Journalists have always had a fondness for being clever. We were dweebs in school — disciples of the only creative path guaranteed not to impress girls at parties. While guys with good hair wowed girls with their guitars and painters talked girls into posing “unclothed” for artistic reasons, the only thing we could schmooze was language. Sometimes we just get a little over-zealous in showing it off.

With that said, though, we journalists at least used to confine our corn to major events like political scandals. Apart from the sports page we usually never torture hyperbole badly enough to warrant a trial at the Hague. Our affinity for trying to appear clever is usually confined to a prefix, or, more commonly, a suffix.

“Gate” was a popular suffix for a while. Watergate begat the supremely tortured Iran-Contragate, and from there we were saddled with Whitewatergate, Monicagate, Electiongate (the one in 2000), and the apparently dying-gasp effort, Iraqgate.

I suppose it’s better than trying to spell out “Lewinsky” or plant “WMD” into words describing political buffoonery. Though, to be fair, I’m glad we never latched onto either half of “quagmire.” The “quag-conomy” or “North Korea-mire” would just be the end of it for me as a reporter.

Still, despite that legitimate journalists at least strove to keep their cutesy-poo confined to matters of national policy and security, it’s our own damn fault for trying to be clever that now we are inundated with hopeful hyperbole torturers looking to leave their mark on the cultural landscape. Bloggers, tabloid hacks, and gossip columnists have thrown themselves over the literary ledge in a mass attempt at coming up with something cute, and the wake of it is a lingering sense that there is little meat left to legitimate wordcraft.

It started with celebrity name combinations. Bennifer I think was the first one, the union of Ben Affleck to Jennifer Lopez — who apparently was so scarred she could not reclaim her full name and now just goes by J-Lo. Perhaps I should be S-Mo. Or Sco-Mo. Or at least I should be glad my first name isn’t Homer.

Once the creators of Bennifer hit the word-lottery we immediately were treated to the kind of one-upmanship that only the true hack could escalate — Brangelina. Tom-Kat. Speidi – which refers to Heidi and Spencer on “The Hills” – is the latest.
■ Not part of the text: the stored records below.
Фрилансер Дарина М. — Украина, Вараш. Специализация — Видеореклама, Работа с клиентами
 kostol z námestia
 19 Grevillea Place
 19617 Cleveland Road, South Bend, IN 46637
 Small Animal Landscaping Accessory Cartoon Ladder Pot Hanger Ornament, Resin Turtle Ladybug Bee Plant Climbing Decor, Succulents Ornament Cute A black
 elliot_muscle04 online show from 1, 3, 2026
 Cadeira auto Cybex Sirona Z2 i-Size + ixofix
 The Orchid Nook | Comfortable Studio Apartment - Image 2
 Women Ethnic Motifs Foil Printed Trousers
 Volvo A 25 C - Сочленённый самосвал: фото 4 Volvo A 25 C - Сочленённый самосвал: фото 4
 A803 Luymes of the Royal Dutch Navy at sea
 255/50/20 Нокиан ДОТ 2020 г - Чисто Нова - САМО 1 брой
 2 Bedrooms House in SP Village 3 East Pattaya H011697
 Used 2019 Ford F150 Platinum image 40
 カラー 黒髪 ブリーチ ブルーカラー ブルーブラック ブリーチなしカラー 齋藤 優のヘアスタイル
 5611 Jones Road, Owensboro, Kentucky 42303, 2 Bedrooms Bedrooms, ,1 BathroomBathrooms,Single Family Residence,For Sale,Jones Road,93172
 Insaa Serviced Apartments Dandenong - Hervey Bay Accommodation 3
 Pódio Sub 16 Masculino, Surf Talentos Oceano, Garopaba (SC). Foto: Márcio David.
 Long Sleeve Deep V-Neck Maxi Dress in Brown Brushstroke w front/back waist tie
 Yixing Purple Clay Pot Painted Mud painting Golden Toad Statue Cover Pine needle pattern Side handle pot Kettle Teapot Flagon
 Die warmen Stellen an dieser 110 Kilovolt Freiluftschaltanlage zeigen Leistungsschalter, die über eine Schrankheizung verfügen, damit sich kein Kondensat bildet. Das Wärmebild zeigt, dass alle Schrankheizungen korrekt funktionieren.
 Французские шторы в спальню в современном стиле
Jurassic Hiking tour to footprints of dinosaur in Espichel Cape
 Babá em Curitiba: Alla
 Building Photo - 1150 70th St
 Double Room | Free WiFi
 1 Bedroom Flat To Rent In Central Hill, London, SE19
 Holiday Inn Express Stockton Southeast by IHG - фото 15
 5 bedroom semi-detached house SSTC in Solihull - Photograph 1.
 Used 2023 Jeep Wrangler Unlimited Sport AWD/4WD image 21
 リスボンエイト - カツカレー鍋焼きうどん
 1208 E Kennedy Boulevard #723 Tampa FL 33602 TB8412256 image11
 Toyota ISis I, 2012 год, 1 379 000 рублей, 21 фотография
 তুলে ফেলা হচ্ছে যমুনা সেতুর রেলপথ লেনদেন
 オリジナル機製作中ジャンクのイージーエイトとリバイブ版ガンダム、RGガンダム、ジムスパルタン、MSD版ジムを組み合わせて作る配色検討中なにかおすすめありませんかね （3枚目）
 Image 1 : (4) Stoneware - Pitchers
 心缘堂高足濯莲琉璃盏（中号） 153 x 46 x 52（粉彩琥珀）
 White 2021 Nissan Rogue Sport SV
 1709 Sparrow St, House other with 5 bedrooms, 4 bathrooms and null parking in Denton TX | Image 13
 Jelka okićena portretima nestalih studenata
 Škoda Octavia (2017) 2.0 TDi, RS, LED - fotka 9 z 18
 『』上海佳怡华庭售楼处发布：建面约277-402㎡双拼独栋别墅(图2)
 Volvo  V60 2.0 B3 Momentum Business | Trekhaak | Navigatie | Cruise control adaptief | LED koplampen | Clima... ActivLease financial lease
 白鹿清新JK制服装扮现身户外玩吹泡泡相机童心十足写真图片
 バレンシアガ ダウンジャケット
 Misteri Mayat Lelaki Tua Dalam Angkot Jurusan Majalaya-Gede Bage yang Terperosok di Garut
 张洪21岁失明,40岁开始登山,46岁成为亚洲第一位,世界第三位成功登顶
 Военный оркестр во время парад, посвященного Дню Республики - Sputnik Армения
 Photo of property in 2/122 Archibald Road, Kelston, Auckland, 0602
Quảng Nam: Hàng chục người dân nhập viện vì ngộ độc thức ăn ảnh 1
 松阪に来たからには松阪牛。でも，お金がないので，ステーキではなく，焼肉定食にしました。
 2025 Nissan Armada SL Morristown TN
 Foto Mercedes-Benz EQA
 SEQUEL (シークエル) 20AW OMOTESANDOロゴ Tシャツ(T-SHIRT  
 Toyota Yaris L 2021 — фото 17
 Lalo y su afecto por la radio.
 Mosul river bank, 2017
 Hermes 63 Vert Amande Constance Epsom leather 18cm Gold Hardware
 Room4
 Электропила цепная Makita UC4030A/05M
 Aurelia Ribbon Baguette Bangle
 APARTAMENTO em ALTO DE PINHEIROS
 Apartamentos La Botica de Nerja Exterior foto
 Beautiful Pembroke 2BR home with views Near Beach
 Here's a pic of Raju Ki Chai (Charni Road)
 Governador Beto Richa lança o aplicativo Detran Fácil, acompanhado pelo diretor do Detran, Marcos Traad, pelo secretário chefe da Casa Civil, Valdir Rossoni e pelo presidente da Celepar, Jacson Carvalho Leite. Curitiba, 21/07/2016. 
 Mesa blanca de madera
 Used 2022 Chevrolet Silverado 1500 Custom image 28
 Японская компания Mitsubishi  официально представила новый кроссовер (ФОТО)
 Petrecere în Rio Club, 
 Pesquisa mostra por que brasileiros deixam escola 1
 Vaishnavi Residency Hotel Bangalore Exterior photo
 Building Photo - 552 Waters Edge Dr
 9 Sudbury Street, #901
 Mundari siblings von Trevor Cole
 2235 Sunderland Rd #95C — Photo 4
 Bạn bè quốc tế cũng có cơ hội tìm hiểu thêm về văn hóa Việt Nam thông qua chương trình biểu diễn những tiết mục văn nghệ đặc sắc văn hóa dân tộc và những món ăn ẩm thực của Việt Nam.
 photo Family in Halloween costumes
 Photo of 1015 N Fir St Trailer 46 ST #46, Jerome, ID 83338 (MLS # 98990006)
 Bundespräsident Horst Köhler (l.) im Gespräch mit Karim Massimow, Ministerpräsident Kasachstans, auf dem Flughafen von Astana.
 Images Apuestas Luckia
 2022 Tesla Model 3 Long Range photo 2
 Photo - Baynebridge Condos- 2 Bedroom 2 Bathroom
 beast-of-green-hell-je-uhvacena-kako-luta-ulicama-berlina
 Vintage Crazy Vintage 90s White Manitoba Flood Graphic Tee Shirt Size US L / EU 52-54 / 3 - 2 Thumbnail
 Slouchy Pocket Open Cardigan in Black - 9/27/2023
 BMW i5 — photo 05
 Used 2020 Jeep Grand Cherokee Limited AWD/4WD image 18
When the hack squad realized it could move past mere names, it veered into the uncharted territory of guy-hood. Two close male friends were now in a bro-mance. And if they broke up they were considered dude-vorced.

We also have had to put up with several permutations of the suffix “sexual.” Metrosexual led us to retrosexual (though I don’t pretend to know what that means), and to the hopeful uber-sexual, which describes men who have it all — fame, money, looks, fans, and are visible champions of a social cause. Bono is one of those. I would be too, except I’m missing six or seven pieces of the criteria.

Right now we seem to be caught in the grip of corporate-inspired hokum, themed around the word “vacation.” The actual ones I’ve heard are:

Stay-cation, in which you spend a week at home, in your yard, or on your couch reading the penetrating insight of a whiny journalist;

Break-ation, which is when you indulge yourself like a frat boy on a cruise for the length of your morning coffee break;

Fake-ation, which is when you tell someone you’re going somewhere that you’re not; and

Work-ation, which you will understand better when you read Karen Hodges Miller’s Interchange piece in this issue.

I would like to think that journalists, trained in all manner of writing and interpreting information, could again win enough of your trust to be the go-to source for tortured hyperbole and limp attempts at being clever. After all, bad writing is too important to be left to the unqualified.